Bringing on additional gas supply remains a critical issue for the east coast and particularly for domestic gas users in the southern states.

For the remainder of the Inquiry, the ACCC will be monitoring whether gas producers are developing gas in a timely manner. The ACCC will also monitor actions of market participants across the rest of the supply chain.

The ACCC will also continue to conduct a review of the costs and margins of the three largest retailers in the east coast: AGL, EnergyAustralia and Origin. Preliminary analysis shows that the average EBITDA earned by these retailers over the period from 2014 to 2017 ranged from $1.60/GJ to $2.29/GJ and accounted for 15 to 21 per cent of the delivered price of gas.

“It is too early for us to comment on the significance of these results as the findings are highly aggregated and require further examination,” Mr Sims said.

“As part of our continuing review, we will examine if there are any barriers impeding effective competition at the retail level. Many commercial and industrial gas users are not large enough to negotiate directly with gas producers and depend on gas supply from retailers. These users rely on effective competition between retailers to keep their prices down.”

The ACCC will provide its next interim report to the Treasurer in April 2019. In this report, the ACCC will provide an update on gas prices offered and agreed in the market.

Further information is available at: Gas Inquiry 2017-2020.

Note to editors

An ‘LNG netback price’ is an export parity price that represents the minimum price that a gas supplier would expect to receive when supplying gas to the domestic market that would otherwise be exported as LNG. It is calculated by taking the price that could be received for a quantity of LNG and subtracting or ‘netting back’ the costs incurred by the supplier to convert the gas to LNG and ship it to the point of delivery.

LNG netback prices are a key factor that play an important role in influencing domestic gas prices. Improved transparency on LNG netback pricing will assist to reduce the information imbalance between gas users and suppliers. The aim is to ultimately help to improve the competitive bargaining process.

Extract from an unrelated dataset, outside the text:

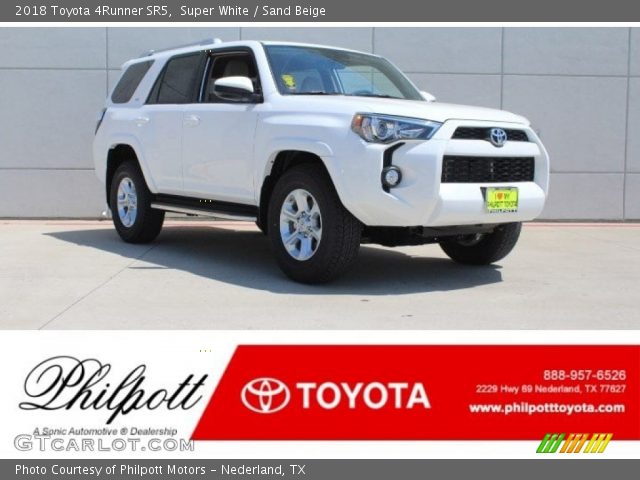 2018 Toyota 4Runner SR5 in Super White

The gas prices mentioned in this media release and in the ACCC’s Gas Inquiry 2017–20 Interim Report – December 2018 (unless otherwise stated) are ‘gas commodity prices’, that is, prices for the energy component of a gas supply agreement. These prices do not include any applicable transportation or other additional charges that may be passed through to gas buyers.

Lifecycle cost of production reflects the breakeven gas price for the entire cash flows of the project, including an allowance for return on investment, amortised over lifetime production volumes.

EBITDA means earnings before interest, tax, depreciation and amortisation. The ACCC calculated EBITDA by taking retailer’s revenue from gas supply and subtracting the cost of goods sold and operating costs.


On 19 April 2017 the Australian Government directed the ACCC to conduct a new, wide-ranging inquiry into the supply of and demand for wholesale gas in Australia, as well as to publish regular information on the supply and pricing of gas for the next three years.

The ACCC is required to submit interim reports no less frequently than every six months and provide information to the market as appropriate, with a final report to be submitted by 30 April 2020.